À l’assaut de la forteresse Europe !

Début 1943, alors que les Anglo-Américains en sont encore à réduire difficilement les dernières forces de l’Afrika Korps en Afrique du Nord (Tunisie), l’état-major des Alliés, pressé par Staline, examine les différents scénarios envisageables pour remettre un pied au sein de la forteresse Europe tout en évitant un bain de sang. L’option Sicile est rapidement envisagée et à travers elle de sortir au plus vite l’Italie de la guerre et de drainer quelques divisions Allemandes depuis le théâtre d’opération russe vers la Méditerranée où Hitler conserve toujours de solides divisions en réserve sur son pourtour.

Alors que le déclenchement d’Husky (nom de code du débarquement en Sicile) est fixé au 10 juillet, deux officiers des services secrets du Double Cross System ou XX System (une émanation du MI5, chargée de la sécurité intérieure) Anglais vont concevoir et élaborer un plan d’intoxication destiné à faire croire au Grand quartier général des forces germaniques (l'OKW) que les Alliés allait débarquer en Sardaigne, en Grèce ou encore, dans les Balkans.

Le corps du délit

Les deux officiers du renseignement Britanniques, Ewen Montagu (Colin Firth) et Charles Cholmondeley (Matthew Macfadyen) vont être placés sous l’autorité d’un haut gradé de marine, John Henry Godfrey (Jason Isaacs), qui se méfie d’eux et n’a que peu d’égards pour le stratagème élaboré par ces deux officiers singuliers, à la différence d’un Winston Churchill (Simon Russell Beale), qui sait pourtant mieux que personne ce qu’un débarquement raté et sanglant peut signifier comme conséquences (Premier Lord de l’Amirauté durant la guerre de 1914-1918, Churchill, il va être tenu pour responsable de l’échec de l’opération amphibie dans les Dardanelles en 1915-1916) approuve l’audace du plan.
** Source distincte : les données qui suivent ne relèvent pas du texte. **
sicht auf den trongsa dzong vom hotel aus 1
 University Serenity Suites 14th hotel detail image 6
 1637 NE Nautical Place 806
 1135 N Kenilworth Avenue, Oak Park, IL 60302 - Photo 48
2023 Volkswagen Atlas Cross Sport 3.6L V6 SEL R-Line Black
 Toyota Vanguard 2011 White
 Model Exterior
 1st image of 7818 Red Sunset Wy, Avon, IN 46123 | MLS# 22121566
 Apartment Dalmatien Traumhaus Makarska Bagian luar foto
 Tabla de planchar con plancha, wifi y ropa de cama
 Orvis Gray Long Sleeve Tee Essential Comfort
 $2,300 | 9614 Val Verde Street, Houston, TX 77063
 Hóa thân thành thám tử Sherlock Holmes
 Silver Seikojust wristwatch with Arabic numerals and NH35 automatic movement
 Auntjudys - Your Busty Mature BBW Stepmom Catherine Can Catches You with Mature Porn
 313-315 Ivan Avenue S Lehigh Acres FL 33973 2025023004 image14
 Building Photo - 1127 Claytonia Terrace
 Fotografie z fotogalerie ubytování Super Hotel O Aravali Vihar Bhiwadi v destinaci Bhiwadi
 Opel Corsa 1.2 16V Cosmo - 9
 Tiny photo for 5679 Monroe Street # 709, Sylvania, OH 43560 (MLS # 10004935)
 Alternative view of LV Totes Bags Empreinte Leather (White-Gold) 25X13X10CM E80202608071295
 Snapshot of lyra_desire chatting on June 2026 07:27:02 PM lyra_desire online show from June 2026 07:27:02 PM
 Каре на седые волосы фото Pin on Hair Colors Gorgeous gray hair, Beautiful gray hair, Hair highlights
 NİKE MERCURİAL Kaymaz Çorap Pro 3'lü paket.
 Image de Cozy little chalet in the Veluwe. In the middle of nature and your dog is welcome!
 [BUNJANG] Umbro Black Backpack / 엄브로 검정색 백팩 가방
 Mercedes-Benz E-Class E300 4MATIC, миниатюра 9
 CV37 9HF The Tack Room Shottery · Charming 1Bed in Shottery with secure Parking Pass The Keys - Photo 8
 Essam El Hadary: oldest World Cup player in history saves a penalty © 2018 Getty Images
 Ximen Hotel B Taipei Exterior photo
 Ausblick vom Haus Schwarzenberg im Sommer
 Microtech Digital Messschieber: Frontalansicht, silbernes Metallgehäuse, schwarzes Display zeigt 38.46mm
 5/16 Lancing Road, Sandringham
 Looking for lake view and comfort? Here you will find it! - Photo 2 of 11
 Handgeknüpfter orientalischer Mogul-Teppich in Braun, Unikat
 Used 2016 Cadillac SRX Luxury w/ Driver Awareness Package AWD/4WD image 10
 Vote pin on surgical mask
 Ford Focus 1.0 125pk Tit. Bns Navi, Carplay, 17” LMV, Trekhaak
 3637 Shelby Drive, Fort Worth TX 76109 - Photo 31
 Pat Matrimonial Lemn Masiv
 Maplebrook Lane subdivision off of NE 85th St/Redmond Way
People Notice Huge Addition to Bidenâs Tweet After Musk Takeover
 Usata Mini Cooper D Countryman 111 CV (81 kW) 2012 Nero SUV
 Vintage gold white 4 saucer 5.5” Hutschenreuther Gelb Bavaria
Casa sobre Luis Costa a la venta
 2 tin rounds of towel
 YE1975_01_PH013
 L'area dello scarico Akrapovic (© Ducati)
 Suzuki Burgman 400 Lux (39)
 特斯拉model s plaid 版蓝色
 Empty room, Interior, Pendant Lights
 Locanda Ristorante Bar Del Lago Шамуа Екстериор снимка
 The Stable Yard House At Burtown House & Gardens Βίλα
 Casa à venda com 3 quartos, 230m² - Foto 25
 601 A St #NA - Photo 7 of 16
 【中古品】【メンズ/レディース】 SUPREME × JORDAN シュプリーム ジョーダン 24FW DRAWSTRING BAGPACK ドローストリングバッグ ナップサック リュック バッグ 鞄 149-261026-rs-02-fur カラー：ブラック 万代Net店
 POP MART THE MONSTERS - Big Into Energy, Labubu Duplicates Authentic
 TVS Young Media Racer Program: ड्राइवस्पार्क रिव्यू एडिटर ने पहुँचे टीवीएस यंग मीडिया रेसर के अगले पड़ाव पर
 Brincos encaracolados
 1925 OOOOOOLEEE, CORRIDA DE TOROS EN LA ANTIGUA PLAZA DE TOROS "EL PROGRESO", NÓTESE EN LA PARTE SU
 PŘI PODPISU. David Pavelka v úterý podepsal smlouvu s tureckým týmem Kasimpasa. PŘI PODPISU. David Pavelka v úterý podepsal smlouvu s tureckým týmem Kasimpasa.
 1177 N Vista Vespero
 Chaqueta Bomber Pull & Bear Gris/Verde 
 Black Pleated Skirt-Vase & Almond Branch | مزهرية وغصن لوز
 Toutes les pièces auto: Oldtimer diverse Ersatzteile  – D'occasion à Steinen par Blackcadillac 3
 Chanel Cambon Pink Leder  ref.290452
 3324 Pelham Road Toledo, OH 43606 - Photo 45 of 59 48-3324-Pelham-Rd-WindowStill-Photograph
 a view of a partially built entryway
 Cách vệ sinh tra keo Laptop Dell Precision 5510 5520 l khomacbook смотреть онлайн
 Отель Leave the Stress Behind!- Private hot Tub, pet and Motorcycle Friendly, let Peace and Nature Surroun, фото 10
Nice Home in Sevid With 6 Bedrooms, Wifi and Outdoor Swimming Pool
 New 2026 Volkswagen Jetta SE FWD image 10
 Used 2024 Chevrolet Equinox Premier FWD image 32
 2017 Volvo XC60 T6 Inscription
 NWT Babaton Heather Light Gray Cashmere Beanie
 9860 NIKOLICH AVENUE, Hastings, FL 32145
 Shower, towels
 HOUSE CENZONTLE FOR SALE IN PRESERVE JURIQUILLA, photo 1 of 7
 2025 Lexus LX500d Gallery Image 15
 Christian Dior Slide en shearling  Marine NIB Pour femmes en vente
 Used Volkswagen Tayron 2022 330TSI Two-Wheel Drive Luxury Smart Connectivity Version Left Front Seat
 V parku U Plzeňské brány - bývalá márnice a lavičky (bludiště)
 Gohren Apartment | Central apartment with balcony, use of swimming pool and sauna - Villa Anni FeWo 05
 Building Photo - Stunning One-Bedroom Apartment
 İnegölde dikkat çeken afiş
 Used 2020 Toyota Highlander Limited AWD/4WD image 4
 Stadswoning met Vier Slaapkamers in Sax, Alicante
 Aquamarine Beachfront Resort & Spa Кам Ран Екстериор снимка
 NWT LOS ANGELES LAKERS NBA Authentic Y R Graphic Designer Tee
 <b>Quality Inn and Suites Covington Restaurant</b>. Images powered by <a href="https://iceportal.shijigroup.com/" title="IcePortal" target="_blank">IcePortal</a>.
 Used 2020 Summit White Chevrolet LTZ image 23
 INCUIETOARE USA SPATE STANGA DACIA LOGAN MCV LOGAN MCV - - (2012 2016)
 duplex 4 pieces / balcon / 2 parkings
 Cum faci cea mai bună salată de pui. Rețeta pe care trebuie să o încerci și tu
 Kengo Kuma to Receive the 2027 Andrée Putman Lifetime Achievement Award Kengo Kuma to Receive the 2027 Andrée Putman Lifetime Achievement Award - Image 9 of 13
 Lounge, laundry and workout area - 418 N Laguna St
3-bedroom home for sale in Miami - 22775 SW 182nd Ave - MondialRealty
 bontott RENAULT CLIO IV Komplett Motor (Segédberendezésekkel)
Point d’orgue des habituelles stratégies de « deception » (tromperie) dans lesquelles les services secrets Britanniques sont passés maîtres – déplacements de troupes fictives, création d’une armée fantôme, rumeurs & ordres bidons ébruités à destination des mouvements de résistance locaux et de l'ennemi – Montagu et Chomondeley ont l’idée de déposer un cadavre d’officier anglais munis d’une mallette contenant de faux mais précieux documents le long des côtes espagnoles (le pays dirigé par Franco est neutre durant la guerre mais regorge d’espions des deux camps). Seulement le temps presse, les cadavres d’hommes noyés en âge de porter les armes n’encombrent guère les morgues par temps de guerre et la supercherie, pour être efficace, requiert un scénario crédible, une préparation menée dans le plus grand secret où absolument rien ne peut être laissé au hasard, et chaque détail soupesé sous ses plus infimes implications.

Les deux architectes d’operation Mincemeat (littéralement opération viande hachée) vont réunir autour d’eux une équipe mixte de militaires au CV « littéraire », et ce pour donner corps et crédibilité maximale à la couverture de Glyndwr Michael, dans les faits, un indigent sans famille, décédé d’une pneumonie, et devenu, le « promu » major William Martin des Royal Marines, assigné au Quartier Général des opérations combinées et mort en mer avec de précieux documents relatifs aux futurs débarquements alliés contenus dans une mallette enchainée à son bras. Ainsi d’ailleurs que quelques autres effets personnels dont la (vraie) photo d’une petite amie (fictive) du nom de Pam.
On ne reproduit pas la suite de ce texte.